Have you found yourself running on autopilot lately?
Autopilot is a feature of commercial airplanes in which flight conditions, routes and destinations (among other things) are preprogrammed into the aircraft’s navigational system. The autopilot function literally controls flying the airplane while the human pilot sleeps, reads or whatever.
How many of you are moving through life on autopilot? Because there are tasks that you do day in and day out, you can easily get programmed to move through these tasks without really thinking.
You wake up, maybe do a quick devotional read, say a quick word of prayer or do a minute meditation. Then you move through the routines of grooming, commuting and working. You may call yourself handling your business. In actuality, you are trying to handle your “busyness” while the “busyness” is really handling you.
We’re all guilty of doing this at times. On autopilot we scurry through life out of habit. We are less reflective because we really don’t have time. But then without the time for reflecting on what is going on in us and around us, we fall victim to our unconscious biases and unexamined assumptions. In essence, we begin to lead out of habit, by rote, and without intentionality.
Of course, this ability of our brains to use unconscious programming helps us to get through our day efficiently. According to the folks at the NeuroLeadership Institute, this auto pilot process of our brains, “helps us use previous knowledge to inform new decisions, a kind of cognitive shorthand, as we do not have the cognitive resources to make every decision afresh.”

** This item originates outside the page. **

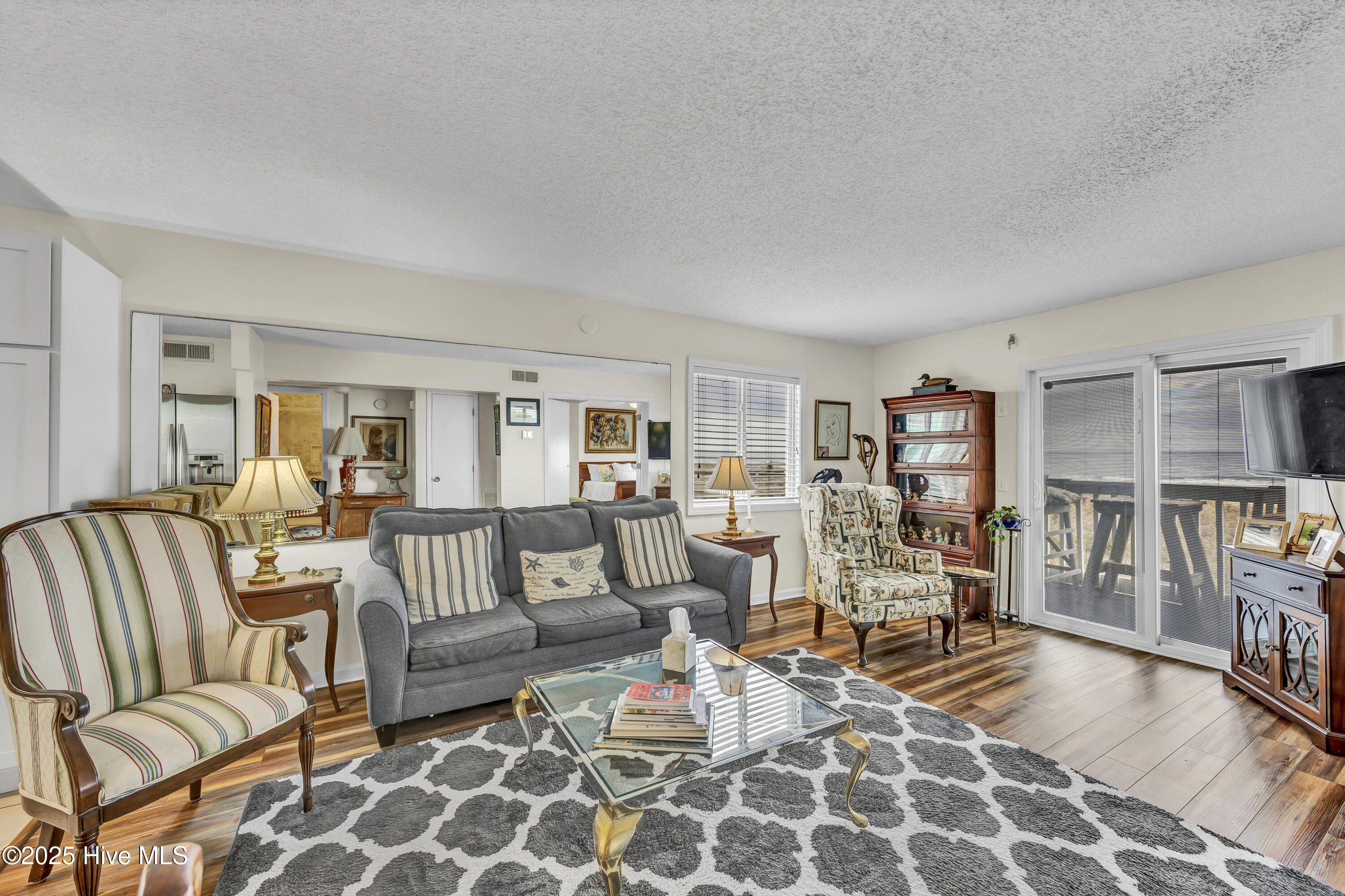 100546557 | Photo 20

So we go on autopilot when we are brushing our teeth or showering in the morning. Some even get through the daily commute without really thinking about the people on the train next to them or the stop lights they habitually drive through. And I’ll be honest, I meet my fitness goals more effectively, if I go on auto pilot and get to the gym, first thing in the morning–before I think myself out of going!
However, moving through the day on autopilot also has negative effects.
- It can blind us to new information.
- It can hinder us from being able to consider options, because we get in the habit of choosing without thinking deeply about our choices.
- It can cause us to miss the rich nuances of people and situations around us.
- It can cause us to miss opportunities that suddenly appear as if out of nowhere.
- It can cause us to miss the creative moments.
- It can cause us to miss the authentic connecting moments with others.
Autopilot navigation is an approach we default to, as leaders, because of the time and task demands of our many roles and competing demands. Yet it is not the most effective approach to leading well.
Today, I challenge you to turn off the autopilot and look around. Really notice the people around you. Reread that email before you send it and reflect on whether it says what really needs to be said. Change up your routine for lunch.
Today is a good day to release the autopilot approach to living and leading and begin to live and lead with intention.
How do you start?
- Start by slowing down for a moment and getting still.
- Listen to the voice within.
- Quiet the cacophony of competing demands in your head.
- Ask yourself, “What am I hearing deep within?”
- Create an intentional actions list—things I will do today on purpose.
- Stay present with team members.
- Focus on what is truly happening in your meetings, and not preparing for the next meeting in your head.
- Follow the things that are really important for this day, that might otherwise get overlooked when you are moving on autopilot.
Today, turn off the autopilot and be intentional.